Su novela, Sinceramente suyo, Shúrik, Premio a la Mejor Novela del Año (Rusia, 2004) y segundo título publicada en español de Ludmila –el primero fue la novela corta Los alegres funerales de Alík (Lumen, Barcelona, 2005, traducción de Víctor Gallego Ballestero), presenta otro caso de bondad patológica: Mientras que Sónechka se refugia en los libros para permitir a su amado esposo devorar a gusto el cuerpo blanco y juvenil de Iasia, convirtiéndose incluso en una madre para esta cuando Robert muere a consecuencia de un derrame cerebral mientras duerme con la joven, Shúrik, también en diminutivo, diminutivo de Alexander, es totalmente incapaz de desairar a una mujer, por fea, vieja o deforme que sea. Ancianas, raquíticas, chimuelas… incluso Zhanna, enanita de circo que es la amante más ardiente de todas. Se trata de un joven particularmente guapo, quizá no demasiado inteligente, criado por una abuela y una madre a las que ama demasiado y con quienes adquiere la compulsión de complacer a las mujeres. En pocas palabras, este Casanova altruista no sabe decir NO: “Así es como, por azar, Shúrik describió la ley del amor más grande y más secreta: en la elección del corazón los defectos poseen una fuerza de atracción mayor que las cualidades, porque son las manifestaciones más brillantes de la individualidad.” (Anagrama, Barcelona, 2006, traducción de Marta Rebón, p. 60).

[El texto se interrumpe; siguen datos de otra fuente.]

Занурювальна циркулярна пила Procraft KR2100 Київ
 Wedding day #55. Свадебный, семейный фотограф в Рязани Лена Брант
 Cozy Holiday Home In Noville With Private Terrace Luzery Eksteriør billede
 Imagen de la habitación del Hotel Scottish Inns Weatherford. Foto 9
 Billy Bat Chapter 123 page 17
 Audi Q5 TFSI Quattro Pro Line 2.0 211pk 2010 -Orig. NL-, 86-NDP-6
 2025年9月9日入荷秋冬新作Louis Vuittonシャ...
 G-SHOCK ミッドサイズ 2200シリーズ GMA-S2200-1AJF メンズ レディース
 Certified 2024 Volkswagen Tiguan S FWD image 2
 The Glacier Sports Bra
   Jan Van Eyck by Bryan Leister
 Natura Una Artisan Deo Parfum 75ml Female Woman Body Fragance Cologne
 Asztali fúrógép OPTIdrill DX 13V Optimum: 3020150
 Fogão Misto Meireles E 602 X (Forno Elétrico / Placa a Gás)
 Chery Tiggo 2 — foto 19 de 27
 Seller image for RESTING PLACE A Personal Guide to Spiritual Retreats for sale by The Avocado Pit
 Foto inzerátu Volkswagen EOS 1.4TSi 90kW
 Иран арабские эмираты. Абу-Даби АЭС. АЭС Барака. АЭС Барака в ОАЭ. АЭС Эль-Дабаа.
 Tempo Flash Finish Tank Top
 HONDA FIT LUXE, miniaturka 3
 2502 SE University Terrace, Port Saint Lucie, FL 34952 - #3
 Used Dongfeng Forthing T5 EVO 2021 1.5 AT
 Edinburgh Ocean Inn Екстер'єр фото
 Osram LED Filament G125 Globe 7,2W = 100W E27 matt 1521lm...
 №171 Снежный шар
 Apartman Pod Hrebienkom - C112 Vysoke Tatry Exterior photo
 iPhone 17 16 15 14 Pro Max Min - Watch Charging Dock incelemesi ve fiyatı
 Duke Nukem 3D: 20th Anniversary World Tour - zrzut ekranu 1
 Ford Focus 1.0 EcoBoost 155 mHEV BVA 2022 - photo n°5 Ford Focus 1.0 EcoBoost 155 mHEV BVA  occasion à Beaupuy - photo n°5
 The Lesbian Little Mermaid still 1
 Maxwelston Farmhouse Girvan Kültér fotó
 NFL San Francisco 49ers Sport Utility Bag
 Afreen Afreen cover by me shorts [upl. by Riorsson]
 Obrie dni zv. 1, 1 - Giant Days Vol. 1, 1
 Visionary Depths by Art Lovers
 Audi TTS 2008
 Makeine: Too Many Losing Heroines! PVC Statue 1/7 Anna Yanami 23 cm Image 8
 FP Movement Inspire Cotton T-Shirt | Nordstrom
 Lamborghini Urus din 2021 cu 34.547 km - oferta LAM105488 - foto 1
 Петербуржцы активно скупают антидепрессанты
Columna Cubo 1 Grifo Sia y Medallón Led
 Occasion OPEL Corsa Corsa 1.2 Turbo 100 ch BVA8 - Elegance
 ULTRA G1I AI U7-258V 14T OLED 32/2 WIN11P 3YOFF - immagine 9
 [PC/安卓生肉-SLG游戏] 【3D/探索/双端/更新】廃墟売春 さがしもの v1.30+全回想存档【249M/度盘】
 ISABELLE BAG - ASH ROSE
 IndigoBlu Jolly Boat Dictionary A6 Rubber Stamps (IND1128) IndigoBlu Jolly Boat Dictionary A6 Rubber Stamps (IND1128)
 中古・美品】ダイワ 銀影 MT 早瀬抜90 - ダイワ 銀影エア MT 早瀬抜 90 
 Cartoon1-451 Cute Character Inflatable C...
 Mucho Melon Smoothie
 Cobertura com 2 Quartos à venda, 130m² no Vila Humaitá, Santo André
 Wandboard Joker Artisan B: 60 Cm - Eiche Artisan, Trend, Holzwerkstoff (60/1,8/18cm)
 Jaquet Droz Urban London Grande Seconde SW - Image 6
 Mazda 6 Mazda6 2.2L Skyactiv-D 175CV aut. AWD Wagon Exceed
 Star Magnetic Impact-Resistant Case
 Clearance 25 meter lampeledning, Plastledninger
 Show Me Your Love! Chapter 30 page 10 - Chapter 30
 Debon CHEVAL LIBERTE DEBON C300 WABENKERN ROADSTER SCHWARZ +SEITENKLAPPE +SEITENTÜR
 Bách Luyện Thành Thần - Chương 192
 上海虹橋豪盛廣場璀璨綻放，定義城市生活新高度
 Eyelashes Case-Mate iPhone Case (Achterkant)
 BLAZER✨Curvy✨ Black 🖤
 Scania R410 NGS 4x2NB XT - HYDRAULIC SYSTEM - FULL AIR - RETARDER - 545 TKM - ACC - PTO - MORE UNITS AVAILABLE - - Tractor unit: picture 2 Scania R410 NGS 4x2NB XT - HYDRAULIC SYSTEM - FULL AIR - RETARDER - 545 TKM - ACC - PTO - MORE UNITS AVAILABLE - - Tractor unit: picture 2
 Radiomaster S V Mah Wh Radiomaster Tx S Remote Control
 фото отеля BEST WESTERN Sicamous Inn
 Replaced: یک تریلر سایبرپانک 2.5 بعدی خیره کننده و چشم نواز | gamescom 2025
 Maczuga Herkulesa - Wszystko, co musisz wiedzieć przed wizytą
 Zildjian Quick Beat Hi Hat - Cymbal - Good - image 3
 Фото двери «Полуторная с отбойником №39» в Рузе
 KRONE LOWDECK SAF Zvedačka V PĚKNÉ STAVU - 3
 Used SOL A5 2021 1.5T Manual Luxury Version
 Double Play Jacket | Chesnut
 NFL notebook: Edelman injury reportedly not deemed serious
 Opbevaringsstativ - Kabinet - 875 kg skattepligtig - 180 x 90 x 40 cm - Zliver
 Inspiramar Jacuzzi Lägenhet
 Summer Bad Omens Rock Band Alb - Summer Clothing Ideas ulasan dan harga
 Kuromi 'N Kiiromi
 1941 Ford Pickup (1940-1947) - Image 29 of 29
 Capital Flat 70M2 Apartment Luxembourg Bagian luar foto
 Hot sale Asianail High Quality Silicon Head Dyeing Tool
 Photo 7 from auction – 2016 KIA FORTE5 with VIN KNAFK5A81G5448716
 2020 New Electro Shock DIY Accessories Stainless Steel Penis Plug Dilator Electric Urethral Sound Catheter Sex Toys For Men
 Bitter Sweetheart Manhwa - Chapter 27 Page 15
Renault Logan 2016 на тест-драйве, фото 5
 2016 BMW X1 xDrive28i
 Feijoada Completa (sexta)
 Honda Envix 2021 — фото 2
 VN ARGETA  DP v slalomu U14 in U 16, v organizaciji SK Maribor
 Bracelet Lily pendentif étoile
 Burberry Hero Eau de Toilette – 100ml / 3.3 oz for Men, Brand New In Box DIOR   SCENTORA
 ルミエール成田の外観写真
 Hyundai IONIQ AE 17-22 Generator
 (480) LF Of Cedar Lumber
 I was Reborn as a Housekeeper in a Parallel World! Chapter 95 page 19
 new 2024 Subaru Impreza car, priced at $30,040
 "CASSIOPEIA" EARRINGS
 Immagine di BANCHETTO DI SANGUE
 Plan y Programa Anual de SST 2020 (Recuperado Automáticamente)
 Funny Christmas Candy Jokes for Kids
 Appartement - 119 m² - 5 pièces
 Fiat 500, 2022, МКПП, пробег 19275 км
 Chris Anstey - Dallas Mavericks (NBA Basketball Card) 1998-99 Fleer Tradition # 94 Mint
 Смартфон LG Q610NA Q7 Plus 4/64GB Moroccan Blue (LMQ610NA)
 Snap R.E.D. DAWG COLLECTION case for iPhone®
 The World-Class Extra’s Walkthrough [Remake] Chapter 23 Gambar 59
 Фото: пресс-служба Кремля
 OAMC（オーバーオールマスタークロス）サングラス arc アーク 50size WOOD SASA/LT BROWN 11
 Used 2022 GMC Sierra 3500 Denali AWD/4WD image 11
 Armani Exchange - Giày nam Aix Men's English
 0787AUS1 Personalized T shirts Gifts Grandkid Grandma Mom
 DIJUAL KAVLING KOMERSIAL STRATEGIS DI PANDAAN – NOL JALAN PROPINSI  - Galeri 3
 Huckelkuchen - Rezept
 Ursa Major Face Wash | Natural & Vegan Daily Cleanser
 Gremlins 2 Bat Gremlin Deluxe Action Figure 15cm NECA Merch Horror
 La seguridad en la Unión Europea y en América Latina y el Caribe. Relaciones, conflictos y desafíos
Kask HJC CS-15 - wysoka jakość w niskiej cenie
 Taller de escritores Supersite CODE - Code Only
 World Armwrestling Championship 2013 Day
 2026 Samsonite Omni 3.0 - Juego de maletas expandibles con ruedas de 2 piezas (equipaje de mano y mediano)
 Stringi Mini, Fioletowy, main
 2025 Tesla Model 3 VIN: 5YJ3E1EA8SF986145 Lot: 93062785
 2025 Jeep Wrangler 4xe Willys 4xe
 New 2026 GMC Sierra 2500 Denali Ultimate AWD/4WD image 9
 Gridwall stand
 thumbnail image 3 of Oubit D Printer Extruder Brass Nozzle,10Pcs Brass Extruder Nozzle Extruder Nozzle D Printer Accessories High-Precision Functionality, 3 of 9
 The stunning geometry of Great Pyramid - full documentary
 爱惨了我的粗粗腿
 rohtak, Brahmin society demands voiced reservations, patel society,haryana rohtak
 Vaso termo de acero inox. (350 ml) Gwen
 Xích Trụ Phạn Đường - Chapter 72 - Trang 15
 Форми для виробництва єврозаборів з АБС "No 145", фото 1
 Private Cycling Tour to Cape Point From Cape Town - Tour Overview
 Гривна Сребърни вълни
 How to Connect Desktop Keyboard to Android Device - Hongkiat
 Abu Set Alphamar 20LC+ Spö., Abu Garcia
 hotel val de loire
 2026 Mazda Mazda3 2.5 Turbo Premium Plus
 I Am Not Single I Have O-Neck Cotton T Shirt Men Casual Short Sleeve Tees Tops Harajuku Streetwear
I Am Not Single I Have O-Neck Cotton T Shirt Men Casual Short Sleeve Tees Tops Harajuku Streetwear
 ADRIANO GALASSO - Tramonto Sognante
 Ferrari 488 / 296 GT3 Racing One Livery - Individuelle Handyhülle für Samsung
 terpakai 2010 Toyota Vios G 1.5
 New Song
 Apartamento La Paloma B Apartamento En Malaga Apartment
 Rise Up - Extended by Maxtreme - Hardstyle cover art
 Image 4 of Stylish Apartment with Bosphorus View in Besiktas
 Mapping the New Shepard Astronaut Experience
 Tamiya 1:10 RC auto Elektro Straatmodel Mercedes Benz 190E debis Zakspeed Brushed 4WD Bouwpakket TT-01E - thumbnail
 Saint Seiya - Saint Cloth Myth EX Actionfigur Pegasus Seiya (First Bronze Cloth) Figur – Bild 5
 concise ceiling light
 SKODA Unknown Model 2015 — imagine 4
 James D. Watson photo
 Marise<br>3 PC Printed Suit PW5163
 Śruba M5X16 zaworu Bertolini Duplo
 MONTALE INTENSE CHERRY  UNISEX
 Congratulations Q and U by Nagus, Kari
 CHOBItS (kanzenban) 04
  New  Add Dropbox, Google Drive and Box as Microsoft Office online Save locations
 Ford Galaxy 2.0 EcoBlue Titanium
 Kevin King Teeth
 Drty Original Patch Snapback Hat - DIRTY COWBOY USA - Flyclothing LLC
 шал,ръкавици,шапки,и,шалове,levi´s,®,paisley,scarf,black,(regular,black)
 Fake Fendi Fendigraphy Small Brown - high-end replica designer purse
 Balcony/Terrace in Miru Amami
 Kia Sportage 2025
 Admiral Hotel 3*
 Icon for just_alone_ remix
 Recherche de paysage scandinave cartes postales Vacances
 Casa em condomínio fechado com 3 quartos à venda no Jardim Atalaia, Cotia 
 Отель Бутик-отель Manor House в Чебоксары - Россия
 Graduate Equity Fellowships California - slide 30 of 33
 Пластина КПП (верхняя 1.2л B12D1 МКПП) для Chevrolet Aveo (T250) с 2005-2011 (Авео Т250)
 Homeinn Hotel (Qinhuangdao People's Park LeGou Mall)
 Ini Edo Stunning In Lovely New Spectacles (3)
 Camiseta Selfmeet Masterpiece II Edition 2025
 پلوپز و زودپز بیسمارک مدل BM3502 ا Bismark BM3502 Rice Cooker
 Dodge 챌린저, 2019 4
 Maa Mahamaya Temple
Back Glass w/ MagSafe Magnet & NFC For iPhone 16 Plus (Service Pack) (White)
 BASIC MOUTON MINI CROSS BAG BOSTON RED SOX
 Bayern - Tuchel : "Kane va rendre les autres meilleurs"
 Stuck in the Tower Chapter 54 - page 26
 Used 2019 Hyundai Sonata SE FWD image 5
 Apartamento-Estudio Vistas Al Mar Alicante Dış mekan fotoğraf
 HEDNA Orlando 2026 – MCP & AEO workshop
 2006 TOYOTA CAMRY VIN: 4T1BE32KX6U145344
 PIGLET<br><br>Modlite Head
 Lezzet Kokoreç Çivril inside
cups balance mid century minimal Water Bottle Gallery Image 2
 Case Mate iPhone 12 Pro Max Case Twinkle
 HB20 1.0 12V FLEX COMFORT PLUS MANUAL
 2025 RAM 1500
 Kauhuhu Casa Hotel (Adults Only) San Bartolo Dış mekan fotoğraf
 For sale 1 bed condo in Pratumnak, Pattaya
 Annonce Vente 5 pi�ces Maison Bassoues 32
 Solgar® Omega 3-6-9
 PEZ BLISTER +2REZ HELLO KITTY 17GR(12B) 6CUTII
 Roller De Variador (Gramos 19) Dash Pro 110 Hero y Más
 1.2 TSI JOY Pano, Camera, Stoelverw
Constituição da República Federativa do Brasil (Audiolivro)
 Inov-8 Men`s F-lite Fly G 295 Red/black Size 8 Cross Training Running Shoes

En cierto modo, Shúrik encarna el conflicto del hombre contemporáneo: el que, al mismo tiempo que se esfuerza por comprender, más aún, por identificarse con el sexo femenino, cosa que logra a las mil maravillas, no logra dejar de lado ciertos temores ancestrales en todo varón, por ejemplo, la de ser incapaz rescatar a las doncellas en peligro, lo que lo lleva a ejecutar verdaderas hazañas caballerescas, como casarse con Lena, embazada de un cubano que ha sido encarcelado en su país e hija de un padre autoritario y violento que podría matarla por esto. Ludmila misma ha declarado que escribió este personaje en un sincero esfuerzo por comprender a los hombres a quienes les ha tocado este mundo donde las mujeres son cada día más agresivas. “Shúrik es una presa fácil en un mundo donde las mujeres ya no aguardan a que el hombre se les acerque sino que van a por él”, expresa la autora en entrevista para Europa Press: “Vivimos un momento histórico muy interesante en el que las mujeres de poder piensan que deben portar una mentalidad masculina, pero Shúrik, como casi todos mis personajes, sabe moverse en la desesperación, no se resigna. Lo importante de esta obra es la metáfora interna que saca a la obra del simple llano plano.” Shúrik, por tanto, más que conquistador de damiselas es objeto de deseo de las mismas. Un objeto pasivo y siempre dispuesto.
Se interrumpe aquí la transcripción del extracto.